Не всякую любовь к человечеству Достоевский оценивает низко. Несомненно, встречается и такая любовь к человечеству в целом, к его судьбам и гармоническому устроению его жизни, которая сопутствуется благожелательным подходом к каждой отдельной личности, способностью чуткого проникновения в индивидуальные положения и бережным отношением к человеку. Такую любовь и к человечеству и к отдельным людям Достоевский находил в художественном творчестве Шиллера и потому высоко ценил его.

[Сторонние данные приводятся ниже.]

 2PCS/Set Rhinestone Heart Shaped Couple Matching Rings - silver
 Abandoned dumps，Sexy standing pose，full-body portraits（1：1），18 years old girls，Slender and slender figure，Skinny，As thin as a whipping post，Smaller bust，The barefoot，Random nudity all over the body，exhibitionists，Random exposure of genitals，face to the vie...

Долинин говорит, что «Шиллер с ранней молодости до самых последних лет воспринимается Достоевским как величайший гуманист, неиссякаемый источник всеобъемлющей любви к человечеству и к миру в целом. Помимо целого ряда отзывов, хоть и беглых, но всегда восторженных, которые мы находим как в письмах, так и в «Дневнике Писателя», нужно указать на третью кульминационную главу третьей книги «Братьев Карамазовых», построенную на «Песни радости» Шиллера. Шиллеровский экстаз любви прямо и указан здесь, как один из основных элементов всей идеологической концепции романа. Также в «Записках из подполья», где взят в основу (в плане пародийном) тот же шиллеровский гуманизм. Укажем еще на анонимную редакционную заметку во второй книге журнала «Время» за 1861 г. — «Нечто о Шиллере»: «Мы должны особенно ценить Шиллера, потому что ему было дано не только быть великим поэтом, но сверх того быть нашим поэтом, его поэзия доступнее сердцу, чем поэзия Гёте и Байрона»[157].

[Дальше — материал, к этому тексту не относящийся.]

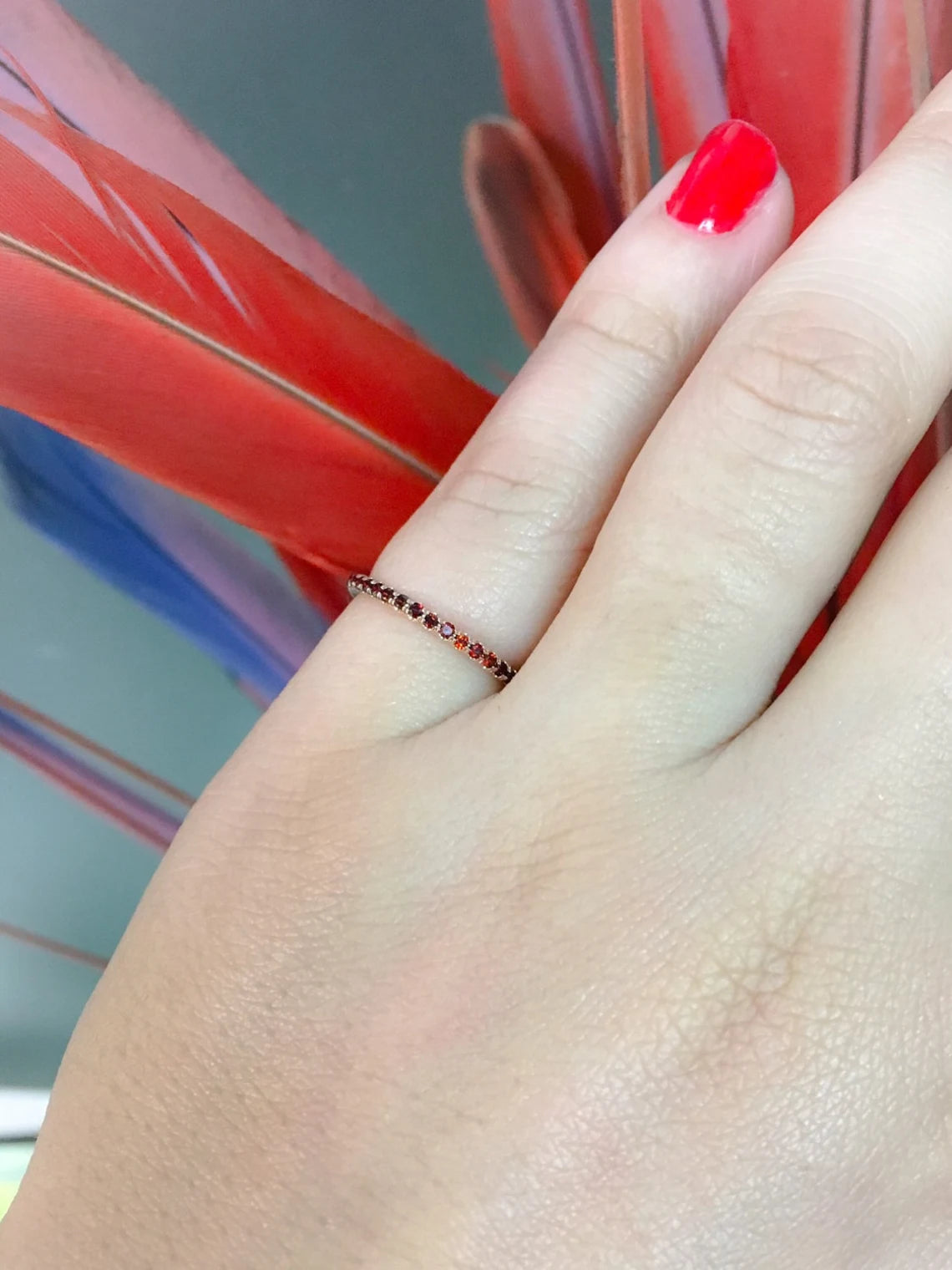 Garnet Eternity Stacking Ring: 1.5mm Pave Wedding Anniversary Band, January Birthstone Ring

Еще более высокое выражение и жизненное осуществление любви не только к человечеству, но и к отдельному человеку Достоевский нашел у некоторых святых, особенно у св. Тихона Задонского. Исследуя связь творчества Достоевского с его религиозными интересами, Плетнев показывает, что «умиленно–сентиментальное» отношение ко всему миру и к «красе мира» у старца Зосимы и у Макара Долгорукого соответствует стилю писаний св. Тихона Задонского[158].

Личную индивидуальную любовь Достоевский считает высшим, после любви к Богу, проявлением человека. И это понятно: личность, как индивидуальное, т. е. единственное и незаменимое я, есть высшая ценность в мире. Поэтому художественное творчество Достоевского посвящено, главным образом, изображению судеб личности. Своеобразие и глубокое значение этой черты творчества Достоевского превосходно выяснил С. Аскольдов в статье «Религиозноэтическое значение Достоевского»[159]. «Гоголь, Островский, Лесков, — говорит Аскольдов, — по преимуществу изображают типы, Тургенев и Л. Толстой — характеры, а «специальность Достоевского — изображение личности». «Личность — это оформленность наиболее внутреннего происхождения и наиболее индивидуализированная. В ней всегда явственно ощутим для всяких внешних воздействий непреодолимый стержень единственного в мире и неповторяемого человеческого я». Личность, как индивидуальное существо, требует, чтобы «все нормы жизни» получили ее «личную санкцию», были «избраны или рефлектирующею мыслью или иррациональною моральною интуициею и опытом». Поэтому ярко выраженная личность нередко вступает в столкновение с внешними условиями, общепринятыми нравами и правилами морали, мало того, совершает даже преступления в своих поисках «высшего или, во всяком случае, имеющего более глубокое обоснование» пути поведения. Особенно интересует Достоевского «моральный кризис безрелигиозного сознания» и печальные следствия европейского безрелигиозного гуманизма, опыт которых подтверждает старую истину, что религия есть «истинная и единственная опора нравственного закона».

Соглашаясь с Аскольдовым, я займусь теперь рассмотрением личности в художественном творчестве Достоевского с целью отдать себе отчет, какое значение в судьбе личности имеет ее отношение к Богу и религиозным началам.